Energy as a Locally Desirable Land Use
Thursday, October 17, 2019
Professor Hannah Wiseman
Florida State University College of Law
Energy generation is a classic example of a locally undesirable land use (LULU). Everyone needs energy, but many residents fervently oppose proposals to build a wind farm on a local mountaintop or hydraulically fracture a gas well near their neighborhood. The response is therefore typically a “not in my back yard,” or NIMBY, argument. But changes in technology, markets, and the law are making energy different from other LULUs. These changes allow communities to make more choices about the types of energy they prefer and to better address concerns about undesirable energy development within their locality.
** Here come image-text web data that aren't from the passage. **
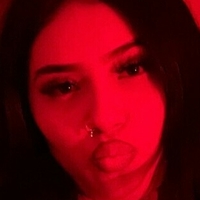 xoxo.yolandaa Nahé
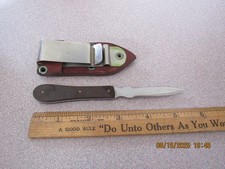 Vtg atkinson fixed for sale  Butte
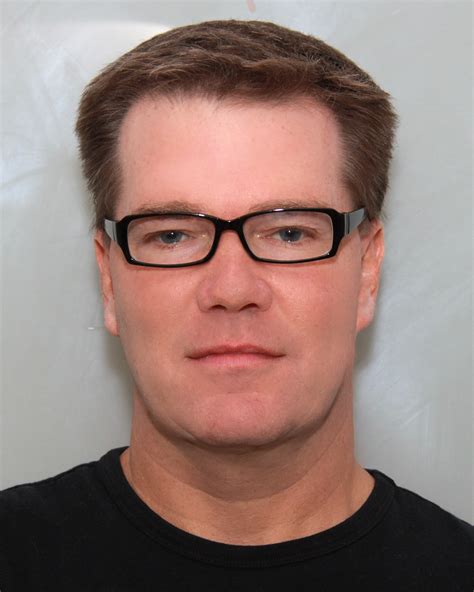 Obituary Notice: Honoring the Memory of Ronald Whitney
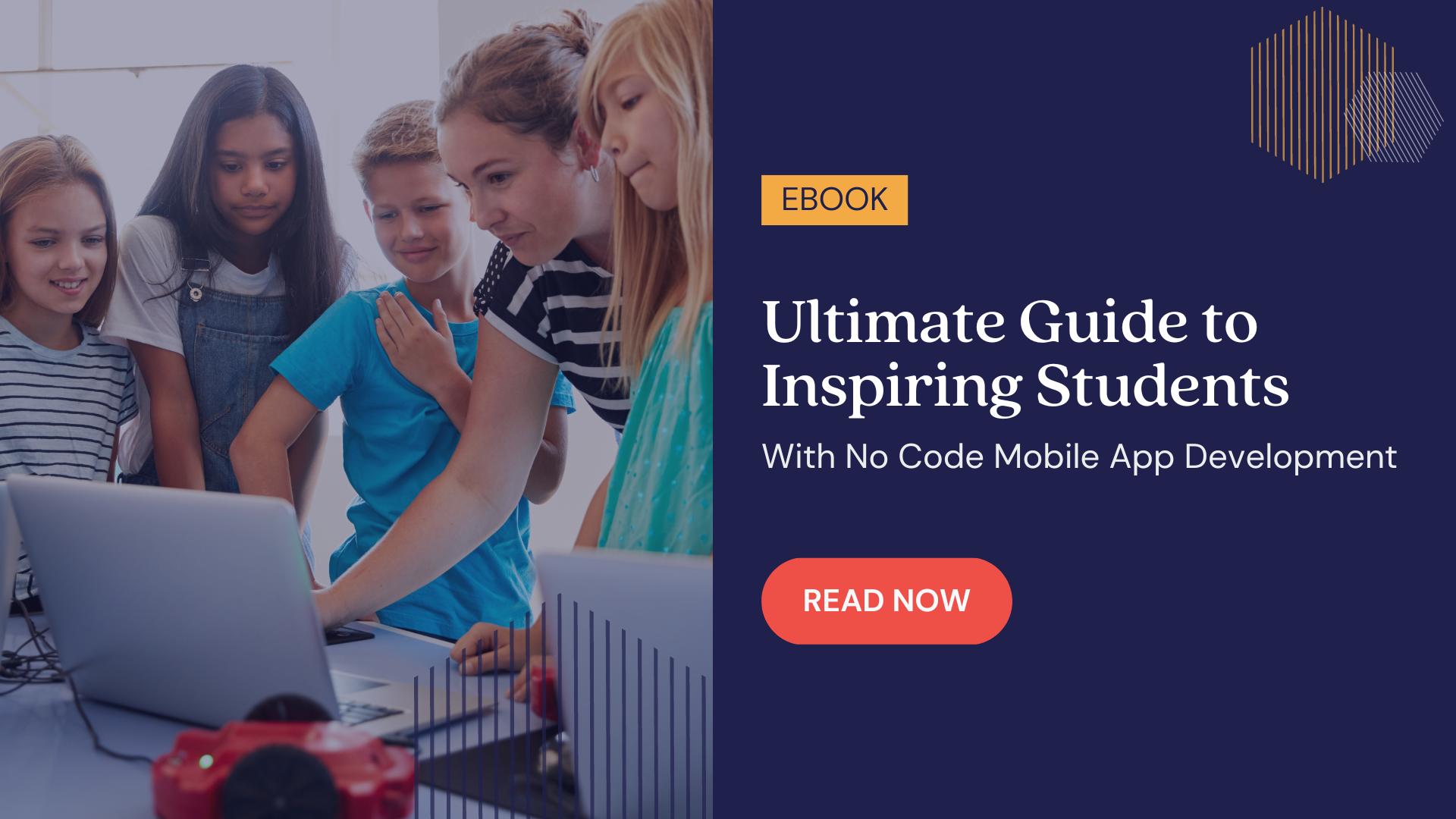 EBOOK CTA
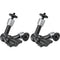 SmallRig Magic Arm Support Kit (5.5", 2-Pack)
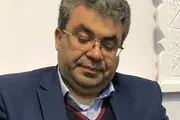 پیروزی مثلث رهبری، مردم و حاکمیت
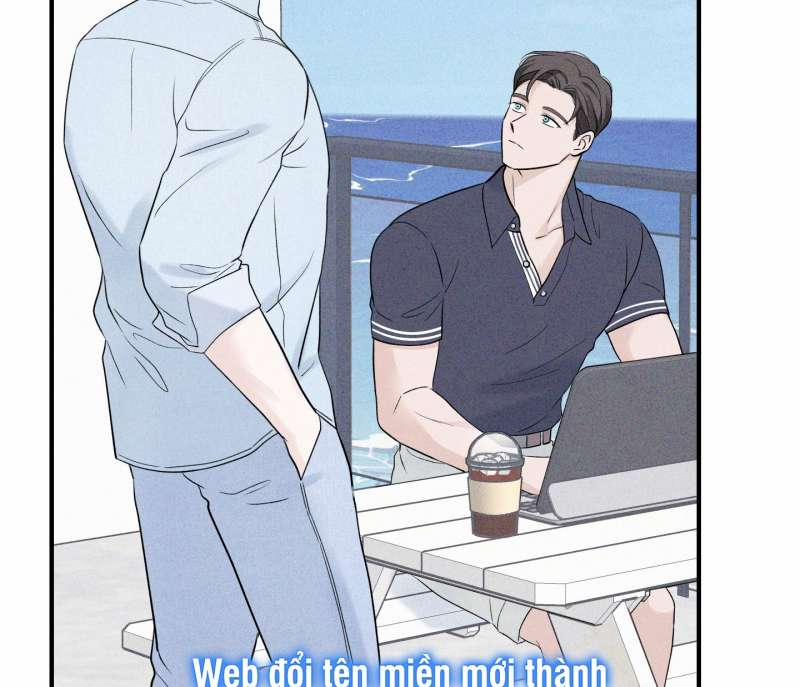 [18+] Ép Xung 24.2 trang 55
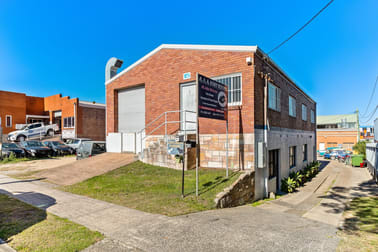 5/15-17 West Street Brookvale NSW 2100 - Image 3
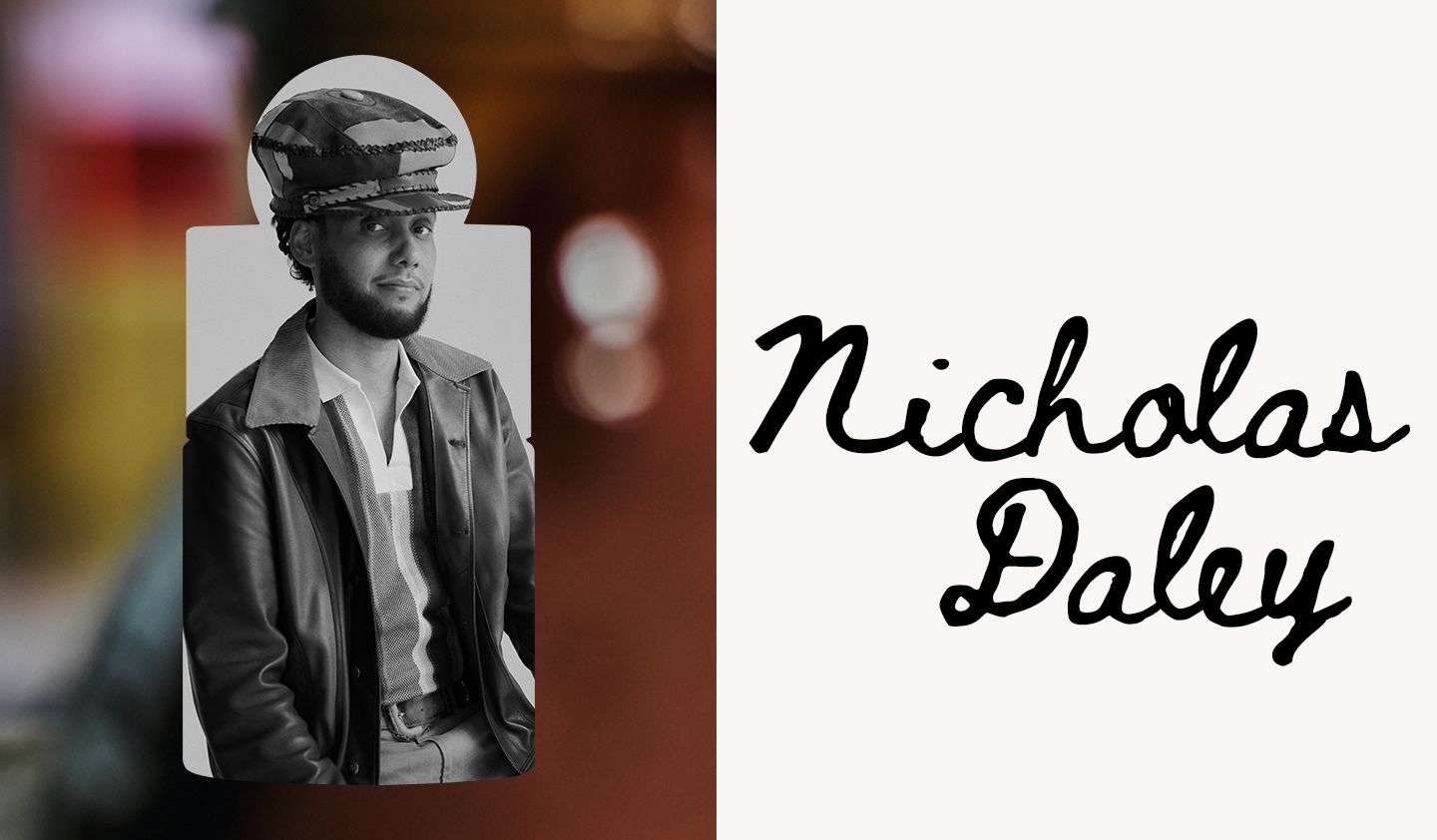 aon-artist-page-nd-01-portrait-intro.jpg Nicholas Daley Header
From a technological perspective, advances in energy storage and distributed (on-site) energy generation mean that large generating equipment and transmission lines can sometimes be avoided in places where there is strong opposition to these land uses. Technological changes such as horizontal drilling also allow oil and gas companies to locate miles from the target formation, thus avoiding certain surface locations. (Pipelines are still a challenge, though.) In terms of markets, energy development is moving towards economically competitive distributed solar and mid-scale renewable generation coupled with battery storage—also aided by subsidies and mandates. Finally, a range of legal solutions, such as community choice aggregation, updated building and zoning codes, locally-applicable taxes on hydraulically fractured wells, and bonding requirements increasingly empower communities to better align energy development with residents’ preferences, or, at minimum, to better address the damages of energy development.